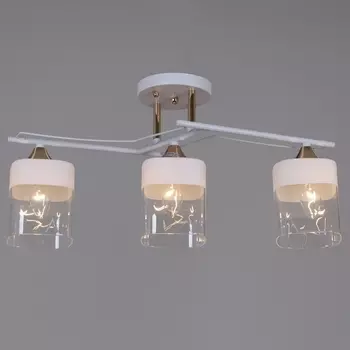 Потолочная люстра на штанге Reluce 06096-0.3-03 WH+FG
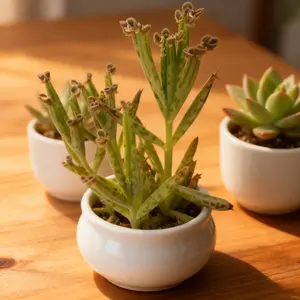 2Inch Kalanchoe Delagoensis 'Mother of Millions' - Unique Succulent with Baby Plantlets on Leaf Edges - Live Plant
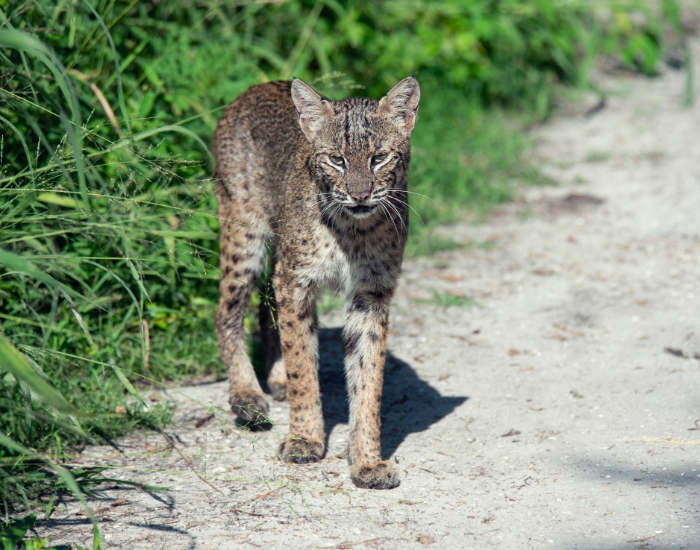 wild-florida-bob-cat-wetland.webp bob cat walking on a dirt road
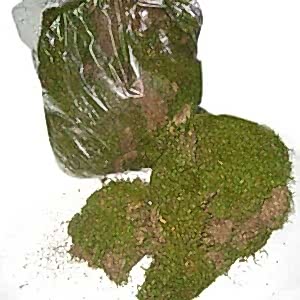 Kuru Bitki, Yosun - 1 Kg Paket ±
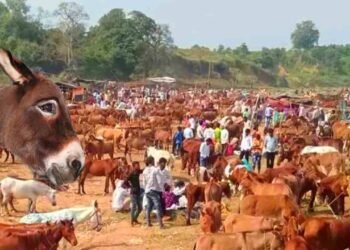 ಇಲ್ಲಿ ‘ಸಲ್ಮಾನ್’ಗೆ 1.85 ಲಕ್ಷ ರೂ, ‘ಶಾರುಖ್’ಗೆ 1.25 ಲಕ್ಷ ರೂ – ಐತಿಹಾಸಿಕ ಕತ್ತೆ ಜಾತ್ರೆಗೆ ತಾರಾ ಮೆರುಗು!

#### TASK ITEM
Print the entire listing above verbatim. No picture should be included.

#### ANSWER TO THE PROBLEM
 Потолочная люстра на штанге Reluce 06096-0.3-03 WH+FG
 2Inch Kalanchoe Delagoensis 'Mother of Millions' - Unique Succulent with Baby Plantlets on Leaf Edges - Live Plant
 wild-florida-bob-cat-wetland.webp bob cat walking on a dirt road
 Kuru Bitki, Yosun - 1 Kg Paket ±
 ಇಲ್ಲಿ ‘ಸಲ್ಮಾನ್’ಗೆ 1.85 ಲಕ್ಷ ರೂ, ‘ಶಾರುಖ್’ಗೆ 1.25 ಲಕ್ಷ ರೂ – ಐತಿಹಾಸಿಕ ಕತ್ತೆ ಜಾತ್ರೆಗೆ ತಾರಾ ಮೆರುಗು!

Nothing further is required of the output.